Why do you believe it is important to have open source security software? Wouldn’t that make it easier for hackers to crack the code?

Yes, and this is a good thing! Open source is especially important for core security functions precisely because everyone can take a look at how the security is actually implemented. Hackers, researchers, academics, tinkerers — when everyone can see how security works, everyone wins. People can learn from both good implementations and bad, vulnerabilities can be discovered and disclosed before and while bad actors are exploiting them, and ultimately, open source can help promote a clear, concise, maintainable code base.

What are some easy security protections for companies to implement, especially companies that have never dipped their toes in any kind of security investment?

Companies who are new to the software distribution game should look to assembling, rather than inventing, their own software. Using standard libraries and frameworks can solve many “old” and “easy” computer security problems before they come up. While there are occasional cross-library vulnerabilities, the path of writing one’s own control software opens up a Pandora’s Box of unsanitized input and buffer overflows. Modern application frameworks tend to do a pretty good job at helping developers avoid 99 out of 100 “gotchas” in secure design.
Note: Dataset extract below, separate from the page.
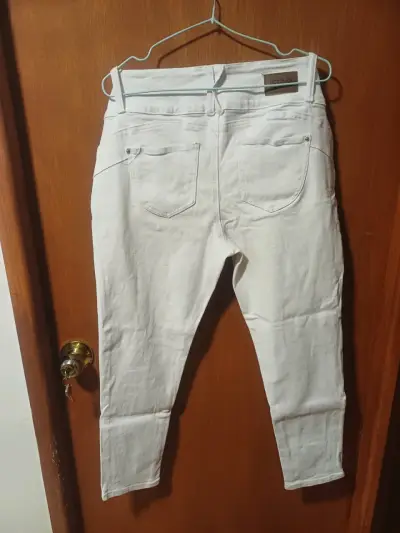Pantalones jean blanco  pitillo talla 46 - miniatura 2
With ransomware crime on the rise, how can everyday citizens protect themselves against being “held hostage?”

The security industry, as well as regular IT industry, has been advocating reliable backups for decades in the context of sudden and unpredictable disaster. A silver lining to the ransomware threat is that it helps promote the idea of backups in the face of malicious, rather than merely accidental, disaster. My hope is that ransomware is the emotional kick that people need to actually take backups and distributed data storage seriously.

What do you predict will be the next major issues in cybersecurity? What industries or devices are particularly vulnerable?
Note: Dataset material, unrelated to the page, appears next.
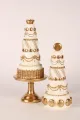 Decoratietaart - wit/crème met goud - 33,5 cm - kunsthars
Distributed, malicious computing using a network of popular but insecure IoT devices seems practically inevitable; in particular, the massive install base of small office / home office (SOHO) routers. The problem with a router-hosted botnet is that these devices often don’t have a reasonable patch pipeline, so such infections can last a long time — potentially much longer than standard desktop and server malware.
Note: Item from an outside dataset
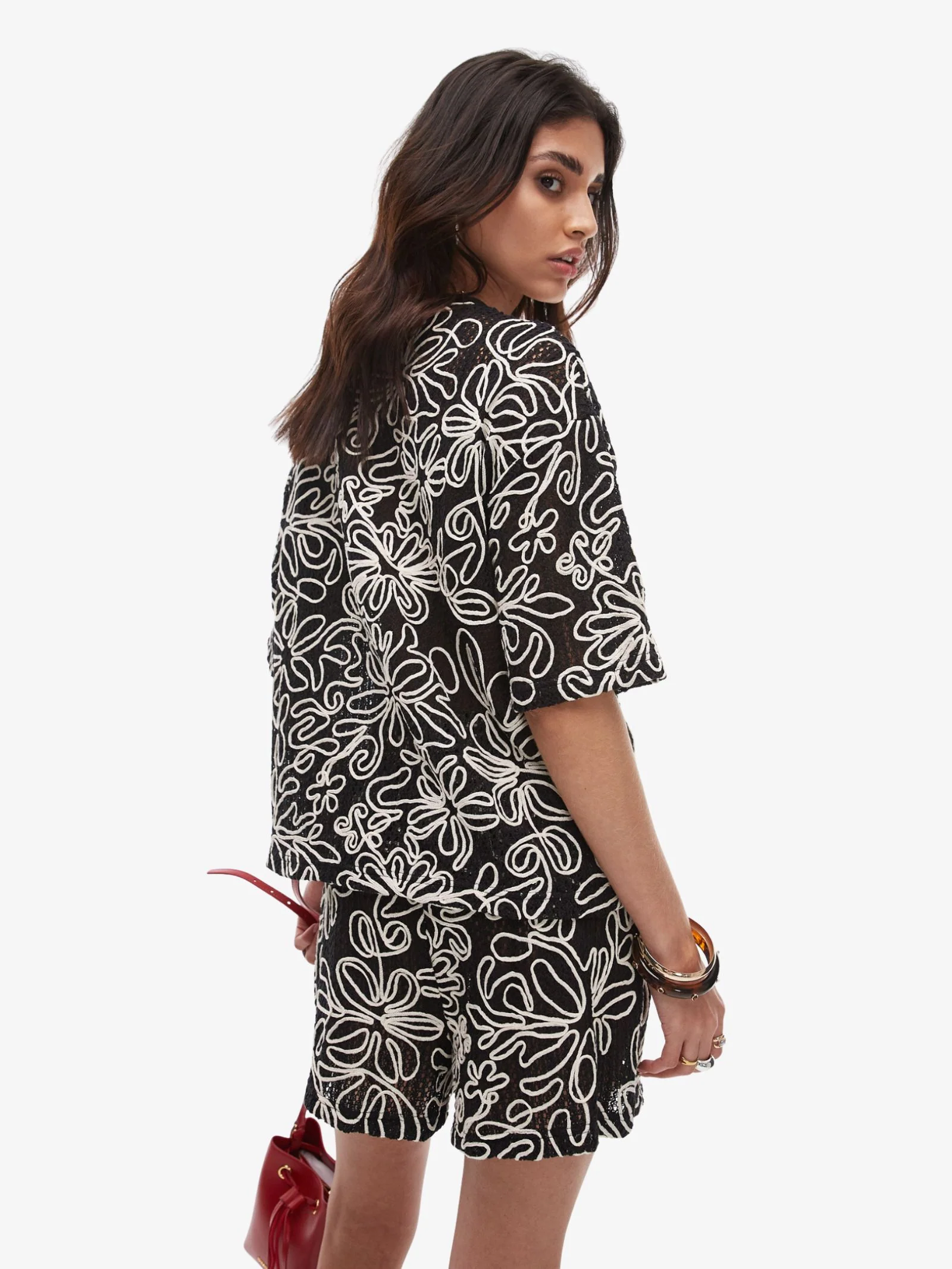 Boxy Floral Applique Shorts - Image 2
We saw a hint of this in the “HackCensus” of 2012, where an unknown person temporarily took control of hundreds of thousands of insecure home routers to conduct mass portscanning. While the Carna botnet seems to have been short-lived, it’s only a matter of time before this large, installed base of ready-to-pwn devices gets marshaled into malicious computing again.

Tod Beardsley

Tod Beardsley is the Principle Security Research Manager at Rapid7. He has over 20 years of hands-on security knowledge and experience, reaching back to the halcyon days of 2400 baud textfile BBSes and in-band telephony switching. Since then, he has held IT ops and IT security positions in large footprint organizations such as 3Com, Dell and Westinghouse, as both an offensive and defensive practitioner. Today, Beardsley often speaks at security and developer conferences on open source security software development, managing the human “Layer 8” component of security and software, and reasonable vulnerability disclosure handling. He can be contacted via the many addresses listed at https://keybase.io/todb.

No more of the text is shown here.